Cette représentation est bien éloignée de la réalité du territoire puisque six ou sept terroirs organisent différents écosystèmes et potentiels agronomiques autour de chaque village d’Europe en fonction des sols, de l’humidité, de la pente et de l’exposition.
Cette diversité n’est pas nommée ni utilisée aujourd’hui dans les politiques publiques.
Des écosystèmes très variés
Avant même que l’homme ne s’y installe, les espaces de l’Europe tempérée étaient composés d‘écosystèmes très variés, coexistant sur quelques centaines de mètres : des milieux humides en bord de rivière et dans les bas-fonds, dominés par les aulnes, les saules et les frênes ; des hêtraies - chênaies sur les terrasses ou les plateaux fertiles ; des charmaies - chênaies sur les pentes sud, les résineux s’installant plutôt sur les versants nord ; des landes ou des pelouses sèches sur les sols maigres des sommets ou des plateaux.
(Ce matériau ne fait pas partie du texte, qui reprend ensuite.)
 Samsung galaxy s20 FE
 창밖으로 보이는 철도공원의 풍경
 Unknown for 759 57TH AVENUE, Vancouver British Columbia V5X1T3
Après bien des erreurs, les communautés paysannes ont progressivement appris à utiliser ces divers espaces de façon rationnelle et créé des systèmes agraires complexes autour des villages, valorisant au mieux chaque terroir et créant ainsi des paysages typiques dans chaque sous-région.
Par exemple, en Europe tempérée, jusqu’au début du XXè siècle, les fonds des vallées humides étaient utilisés en prairies de fauche ; les terrasses et plateaux aux sols profonds devenaient des terres à céréales ; les pentes sud accueillaient la vigne ou les vergers ; les sommets de collines, souvent maigres, étaient valorisés en pâturages collectifs ; les forêts restaient cantonnées aux espaces les moins fertiles. Des ceintures de jardins et de vergers entouraient presque tous les villages de notre continent.
La mise en culture des espaces naturels n’a pas toujours été synonyme d’appauvrissement biologique. De nouveaux écosystèmes se créaient, parfois plus riches en biodiversité que les milieux initiaux, par exemple dans le cas des cultures en terrasses ou des pâturages permanents. Dans ces systèmes traditionnels, les paysans étaient en général polyvalents, associant agriculture et élevage, ce qui permettait des transferts de fumure d’un terroir à l’autre. Les ressources locales étaient optimisées.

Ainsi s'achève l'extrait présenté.